Lake Lorraine in Indian Orchard featured an anchored float that had both low and high diving boards. If we couldn’t con one of our parents to drive us there, we had to make the trek on our bikes. When we got to be of driving age, we would skirt the admission fee by parking on Lake Drive and take inner tubes out on the water. The eagle-eyed life guard at the main beach blew his whistle every time we paddled over to the diving board float, so then we would make our way over to the Knights of Columbus beach, where another life guard gave us a hard time because it was private property. We put up with the hassles because we swam for free.


Lake Lorraine is a state park now—and unstaffed and closed, which is too bad, because it still looks inviting.


The Knights of Columbus beach on Lake Lorraine was always a good place to go for a nighttime dip, although they’ve probably cracked down on this pastime ever since three people were shot there on the night of July 27, 2012. More than 20 rounds were fired at a group of youths from the North End. WTF?


Perhaps you cooled off in the pools at the long gone Camp Husky on Grayson Drive (above). “We welcome you to Camp Husky; We’re mighty glad you're here; We’ll welcome you to Camp Husky—with a mighty cheer! Rah! Rah! Rah!”


The Pine Knoll Swim School, on Allen Street on the Sixteen Acres-East Longmeadow line, operated from 1958 to 1994:


The Pine Knoll pool was closed during the entire summer of 1995, but the town purchased the property the following year and the good news is that there has been swimming offered there since 1996 in what is now the Pine Knoll Recreation Area. A new pool will soon be built to replacing the leaking old one.


Swimming—and getting kicked out of—Bass Pond at night is, of course, a Sixteen Acres tradition. The police were so sick rousting illegal swimmers that one night they shined flashlights on us in the water and threatened to take away our clothes that were on the beach!

In The Circle, James A. Coleman’s nonfiction book about the Circle Gang, he details the youths’ drunken exploits one night in “Bear Pond” (Bass Pond) in which a few of them break into the “Bear” Pond Club building, rob the Coke machine, and swim back across the pond with their mouths filled with coins because they don’t have clothes on and therefore no pockets to fill.


Coleman went on to write about Frank “Archie” Archidiacono’s drowning that night at Bass Pond, and the story was distorted enough over the years that, according to Acres legend, the coins either weighted him down to the bottom or he choked on them.
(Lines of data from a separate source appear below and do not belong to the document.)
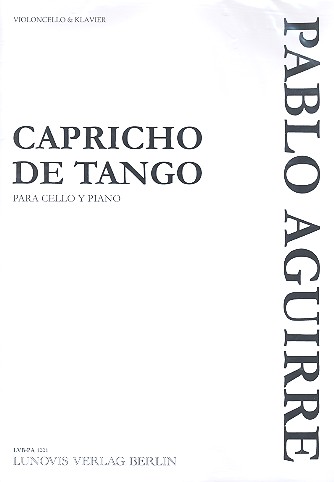 Capricho de Tango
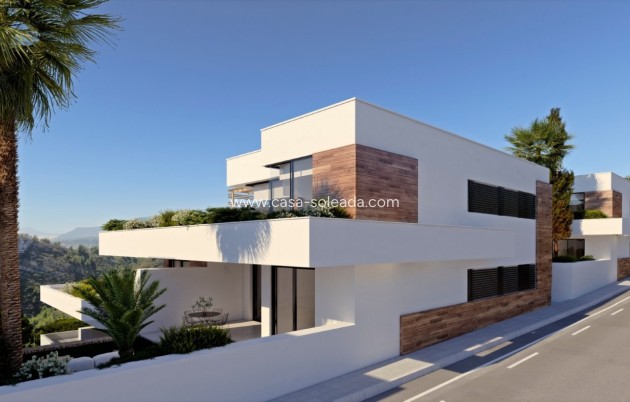 Obra nueva - Apartamento / piso - Benitachell - Cumbre Del Sol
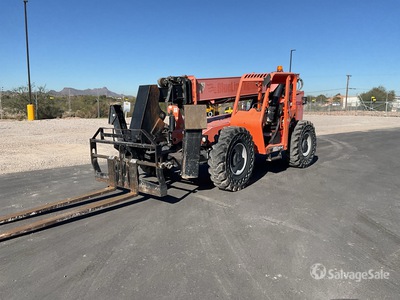 2017 JLG 10054 Teleskoplader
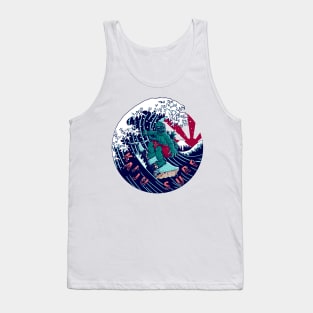 Whale Tank Top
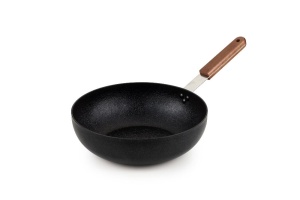 Cковорода Oslo IH 28 см стандарт для индукционных плит без крышки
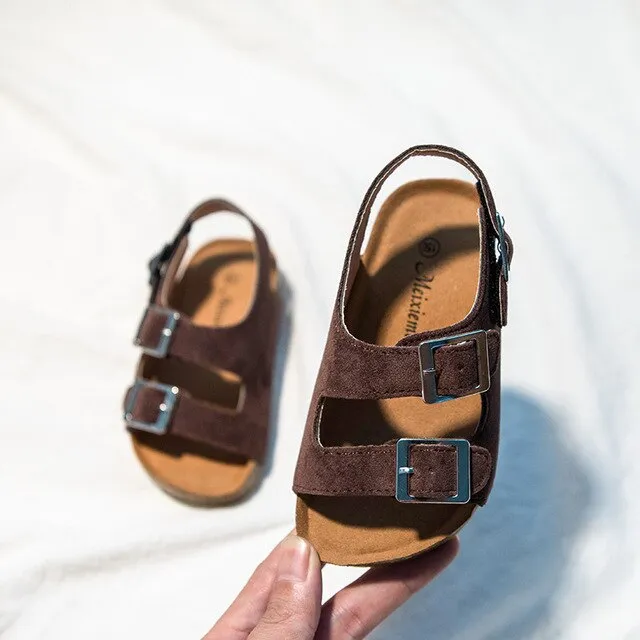 Lockart Unisex Kids' Beach Sandal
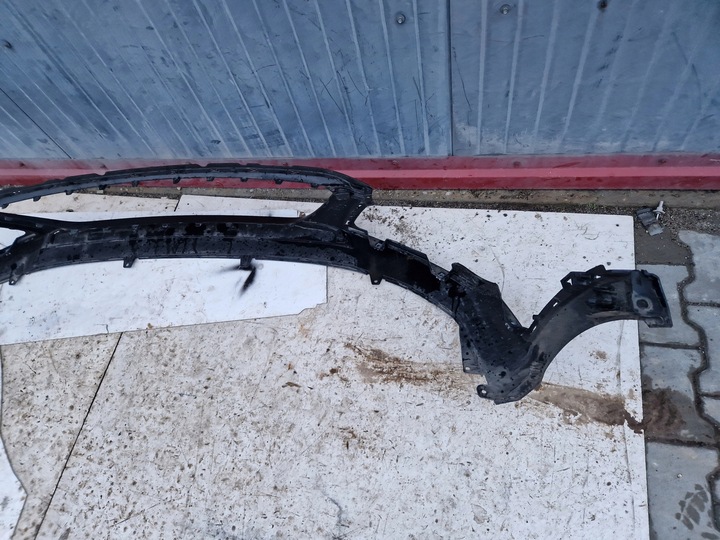 фото №8, Накладка спойлер бампера перед kia xceed x-ceed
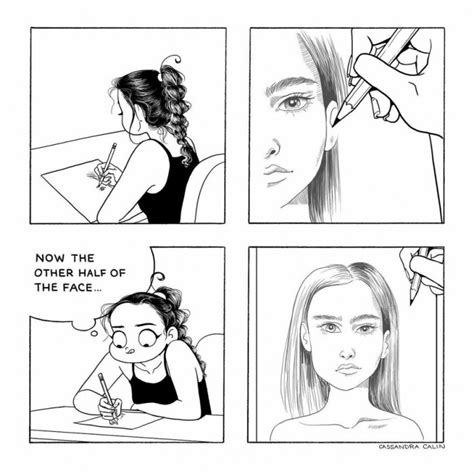 Artist Breaks The Internet With Her Hilarious And Relatable Comics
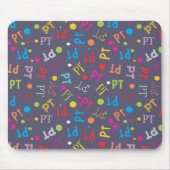 Fysiotherapie Thema Muismat (Voorkant)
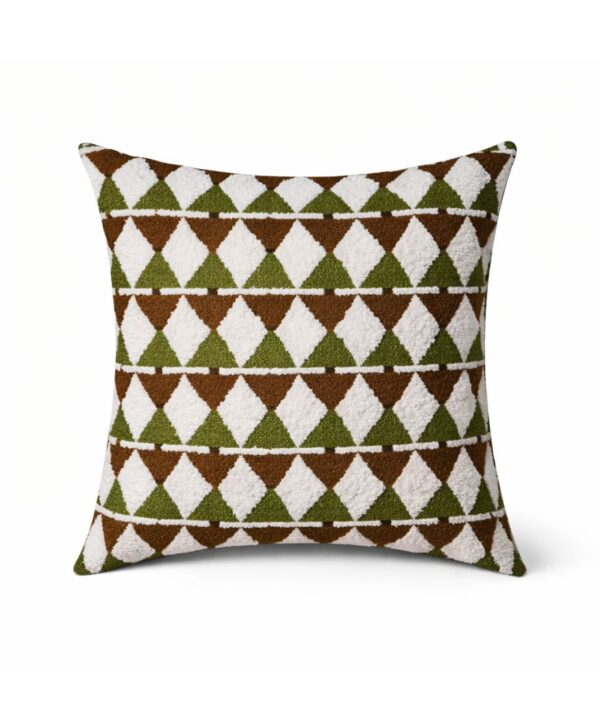 Collection 1 - Brown, olive green, and off white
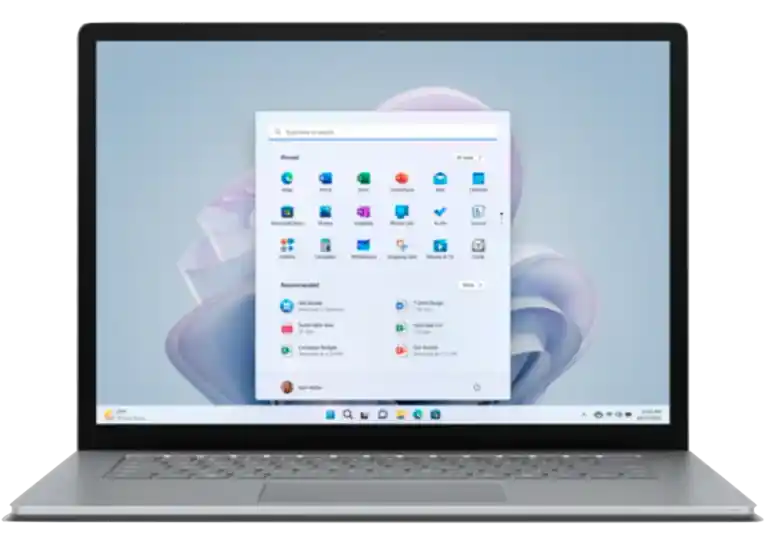 Surface Laptop 5 — Surface Laptop 5 Screen Replacement at Fixfactor London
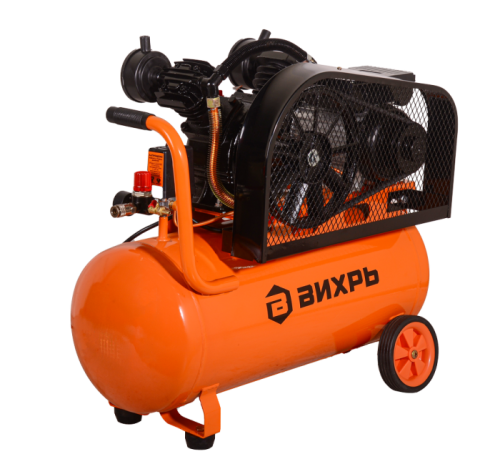 Компрессор ВИХРЬ КМП-400/50Р-Tehinstrument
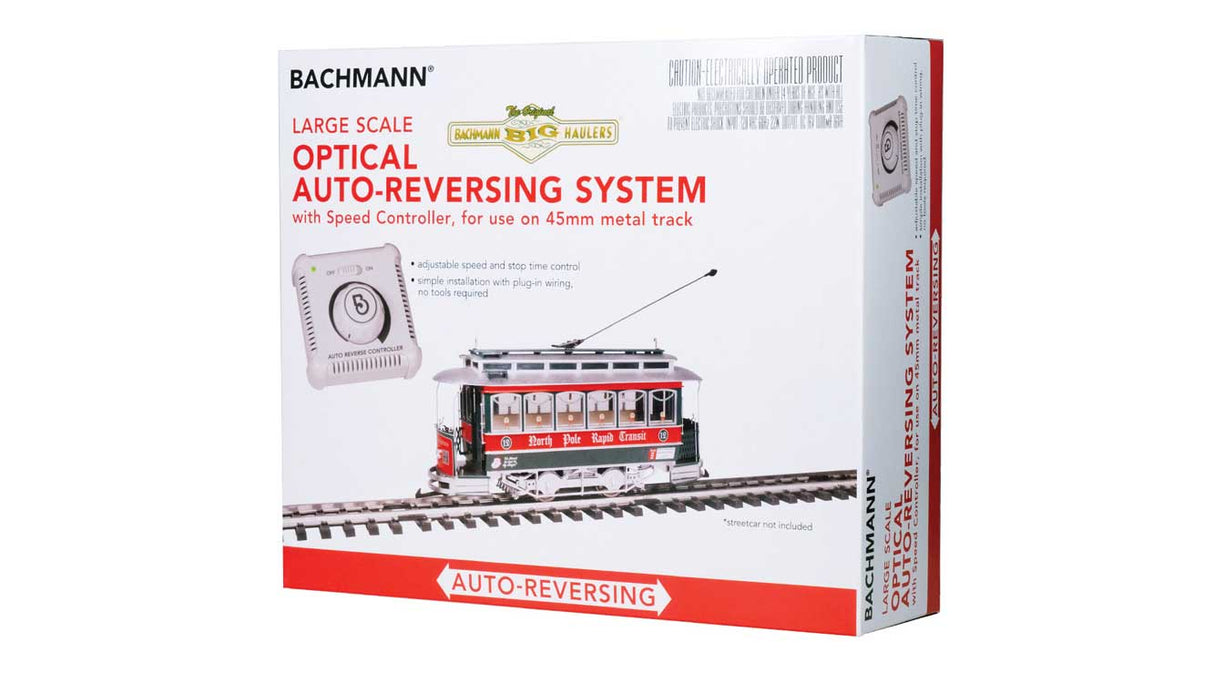 Bachmann G Optical Auto Reverse System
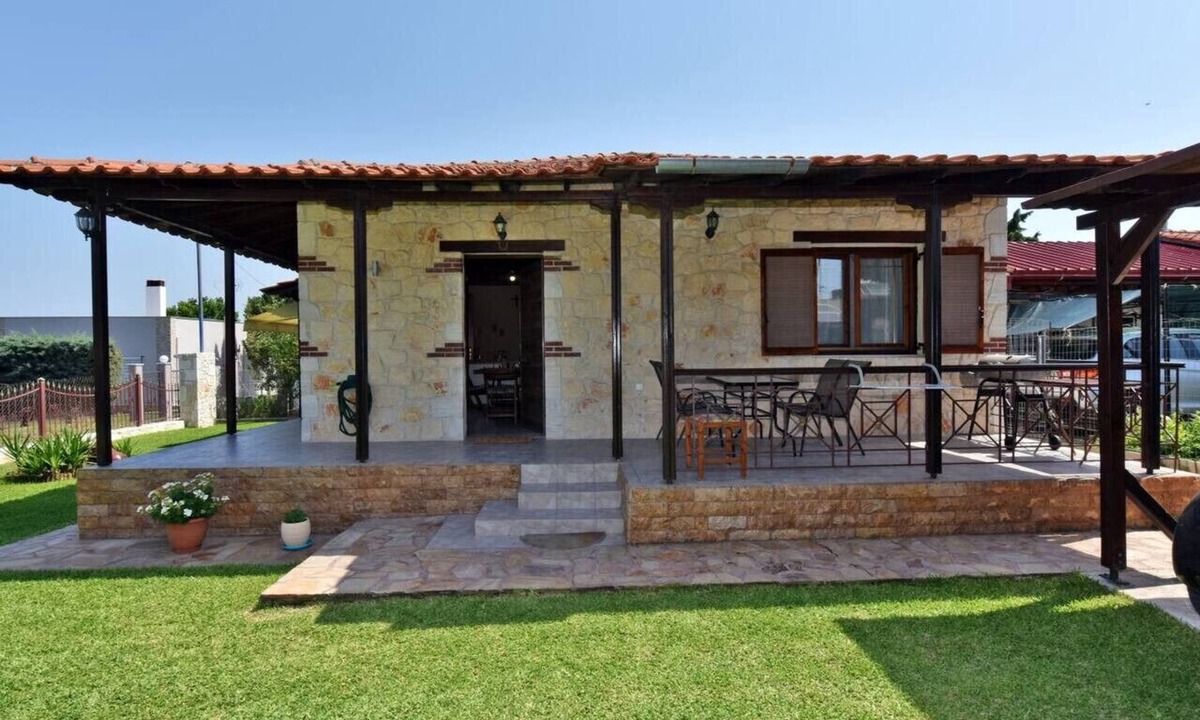 Nea Propontida Resort | Villa Trifon by RentalsPro - Nea Potidaia Halkidiki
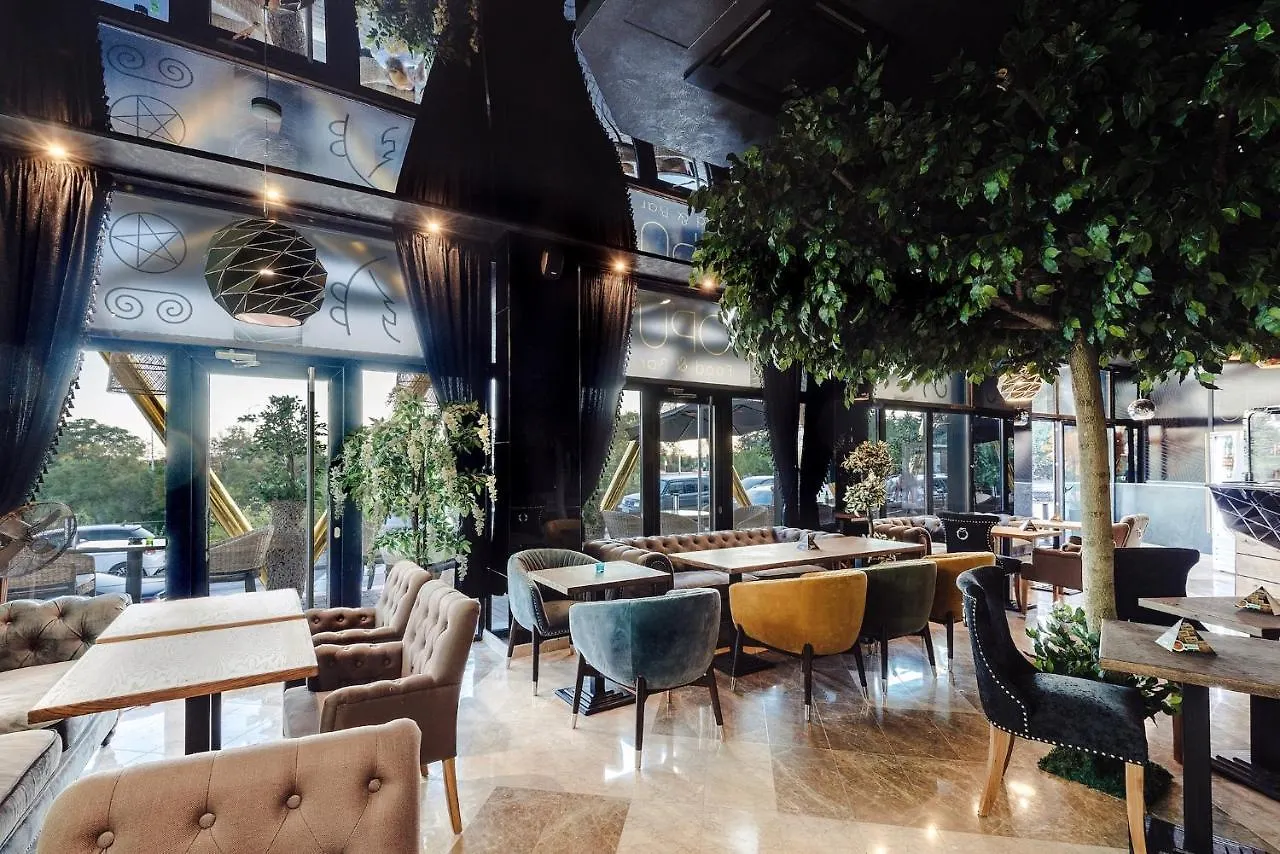 Opu Boutique Hotel 瓦爾納 保加利亚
The reality is, however, that Coleman changed the circumstances of his death, as he did with some events in the book:


The reality is that Frank Archidiacono died in a presumably accidental shooting in 1968 on an overnight camping trip with his friends in Sturbridge:


Anyone slide down this slope waterfall in Forest Park? I didn’t, but I heard people used to do it:


I remember in the late 1960s and early 1970s seeing kids swimming under the waterfall at the Duck Pond in Forest Park (below). Was the water that clean? Probably not.




Another great jumping/diving spot: Granville Gorge in Southwick (above). The water was cleaner that it was at the Westfield Quarry, but a lot colder. Unfortunately, the only photo I could find online of the main gorge swimming area is the blurry one below.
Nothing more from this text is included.